Thursday, April 26, 2007

Excellence vs. Grades and Measurement

Quantitive analysis, useful though it be, is frequently problematic. Grades are an excellent example.

Imagine an airline, XYZ Airlines, advertising “Fly XYZ, where 9 out of ten planes land safely!” 90% -- an A minus! Pretty good, no? Or how about this: “Eat at Joe’s , where only 1 in 10 people get sick.” Imagine your favorite music. What would happen if the musicians played one of every 100 notes incorrectly? Get those bozos off the stage!

Suppose you buy a toaster. When you get it home, will you accept that it “mostly” makes toast? Or “eventually” makes toast? Probably not--if it doesn’t make perfect toast on demand, you’ll be back at the store with attitude. And when you’re there, will you care that they worked really hard on it? Or that they had a difficult week? I think not. Here’s the problem with clinging to grades, to numbers—yet people do.

That is, as long as it suits them. When a management consultant team moves into the workplace and purports to measure performance, the employee response is generally “You can’t really measure what we do.” As Kenneth Blanchard puts it, “Well, if we can’t measure any difference, then why don’t we just eliminate it?” People get interested in measuring performance quickly.

On the other hand, all too often a “survey” or “study” is reduced to a questionnaire. Easy to collate data, yes, but such approaches, all to common, also amount to little more than leading questions.

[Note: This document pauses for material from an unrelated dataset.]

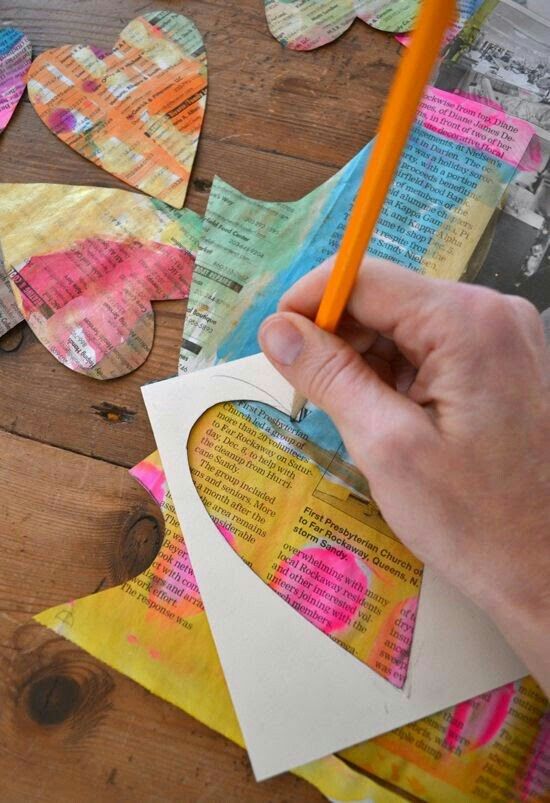 This may contain: someone is cutting out paper hearts with a pencil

The form’s authors assume the position they’ll find, thereby dictating them. Thus, what should have been a learning experience becomes nothing more than self-affirment, not merely ignoring, but preventing all unforeseen views—and the messy, time-consuming process of collecting that information.

What’s the point of setting out to learn what you think you already know?

Excellence and its measurement don’t match.